Reputation: 163
I have a ~20,000x20,000 data, how do i convert the from data.table()
to a matrix
efficiently in terms of speed and memory?
I tried m = as.matrix(dt)
but it takes very long with many warnings. df = data.frame(dt)
takes very long and result in reaching memory limits as well.
Is there any efficient way to do this? Or, simply a function in data.table which returns dt
as as matrix form(as required to feed into a statistical model using the glmnet
package)?
Simply wrapping into as.matrix gives me below error:
x = as.matrix(dt)
Error: cannot allocate vector of size 2.9 Gb
In addition: Warning messages:
1: In unlist(X, recursive = FALSE, use.names = FALSE) : Reached total allocation of 8131Mb: see help(memory.size)

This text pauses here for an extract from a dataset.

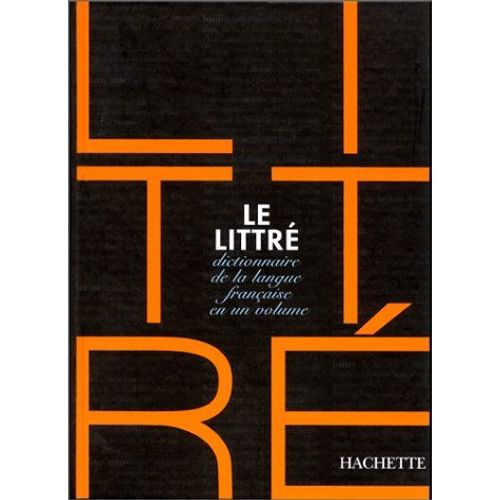 Le Littr : Dictionnaire De La Langue Franaise En Un Volume   de Emile Littr  Format Broch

2: In unlist(X, recursive = FALSE, use.names = FALSE) : Reached total allocation of 8131Mb: see help(memory.size)
3: In unlist(X, recursive = FALSE, use.names = FALSE) : Reached total allocation of 8131Mb: see help(memory.size)
4: In unlist(X, recursive = FALSE, use.names = FALSE) : Reached total allocation of 8131Mb: see help(memory.size)
My OS: I have 64 bit Windows7 and 8gb ram, my Windows task manager shows Rgui.exe taking up spaces more than 4gb before and were still fine though.
Upvotes: 16
Views: 10940
Reputation: 56259
@GibsonGay:
I have made an error on my part to include the character column into the matrix, which elevated the matrix's class to character for all columns. Removing this column allowed a integer matrix to be made and it converted successfully without errors/warnings and ran the model fine.
Upvotes: 2
Reputation: 830
Try:
result <- as.matrix(tidytext::cast_sparse(dat_table,
column_name_of_rows,
column_name_of_columns,
column_name_of_values))
It should be very efficient and fast.
Upvotes: 4